Return the data verbatim, without pictures.

### Dataset section
▬▬▬▬▬▬▬▬▬▬

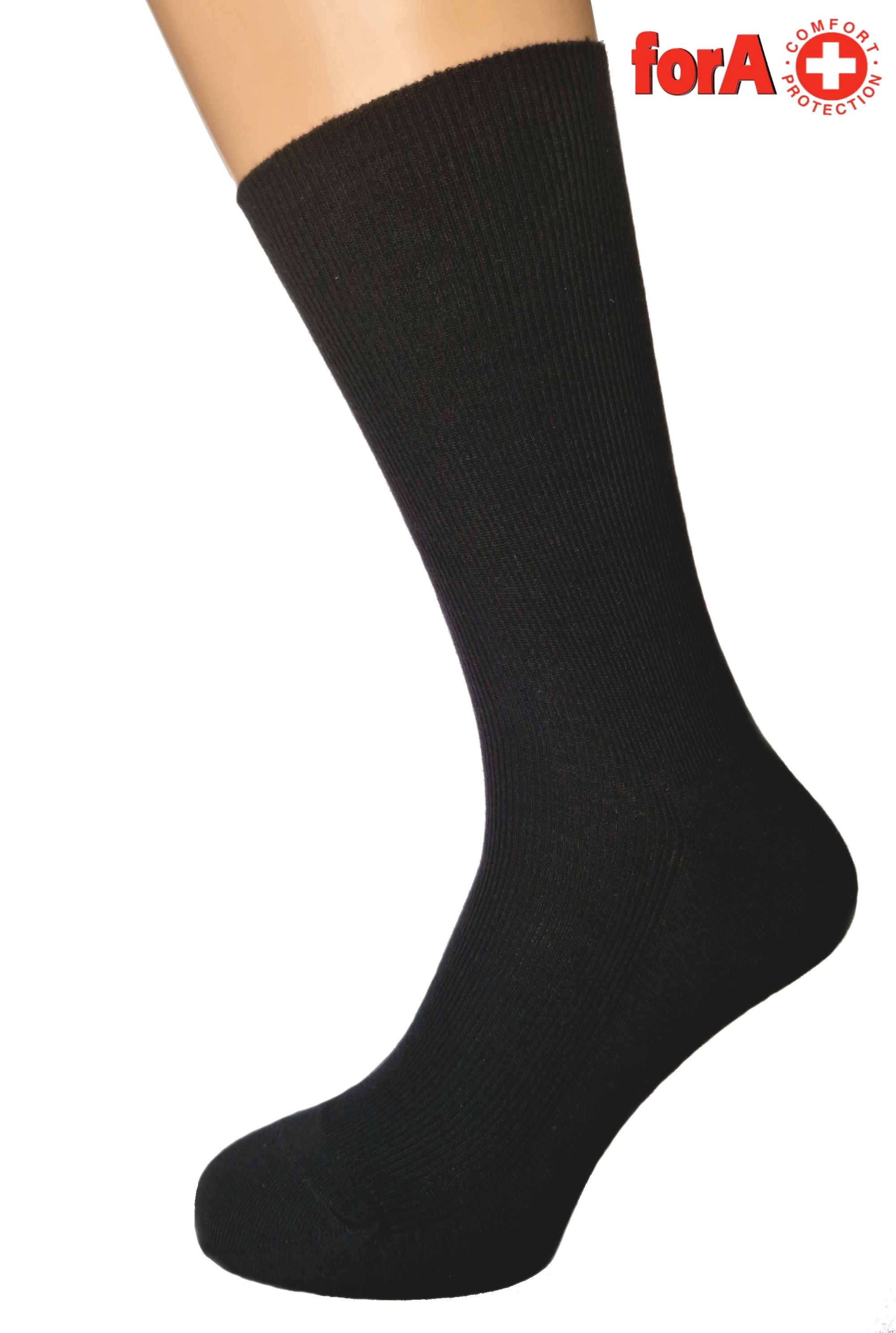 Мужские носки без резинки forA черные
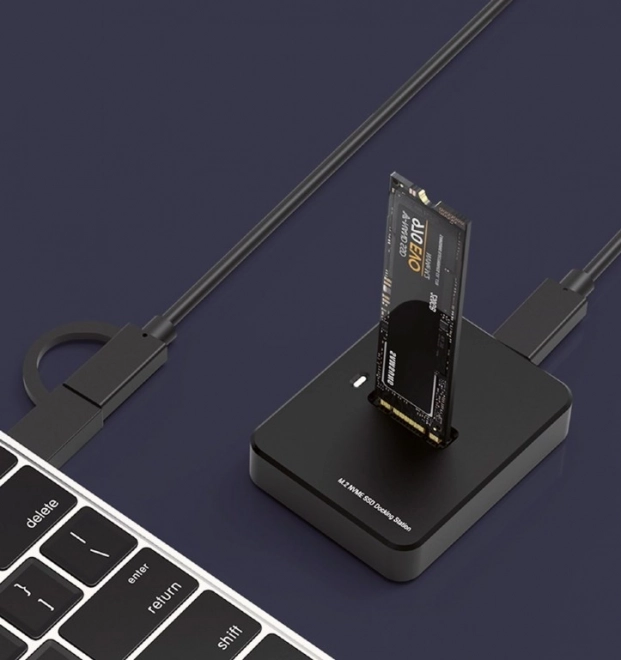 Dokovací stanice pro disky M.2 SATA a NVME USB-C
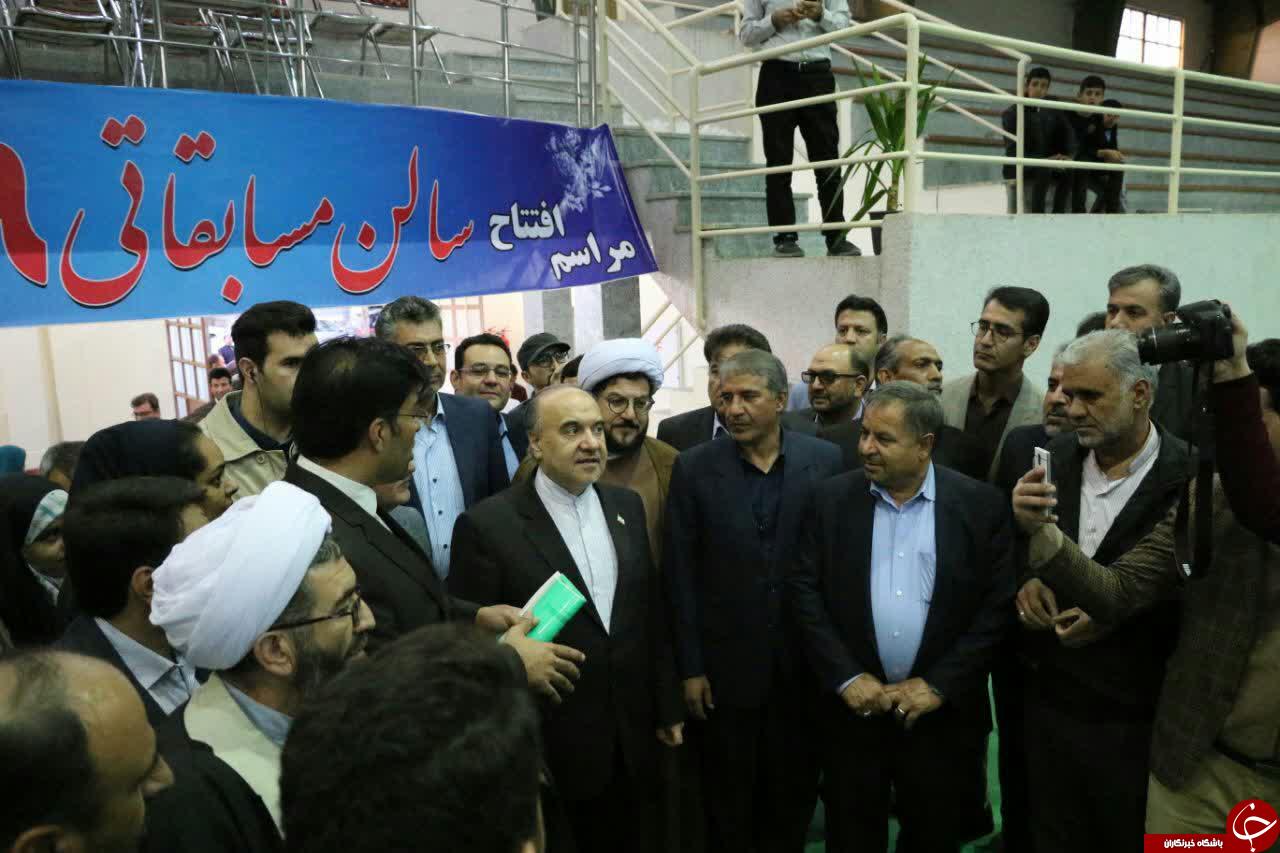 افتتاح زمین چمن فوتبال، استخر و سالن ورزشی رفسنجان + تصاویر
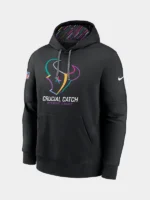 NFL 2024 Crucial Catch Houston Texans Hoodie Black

▬▬▬▬▬▬▬▬▬▬

### Answer for this exercise
 Мужские носки без резинки forA черные
 Dokovací stanice pro disky M.2 SATA a NVME USB-C
 افتتاح زمین چمن فوتبال، استخر و سالن ورزشی رفسنجان + تصاویر
 NFL 2024 Crucial Catch Houston Texans Hoodie Black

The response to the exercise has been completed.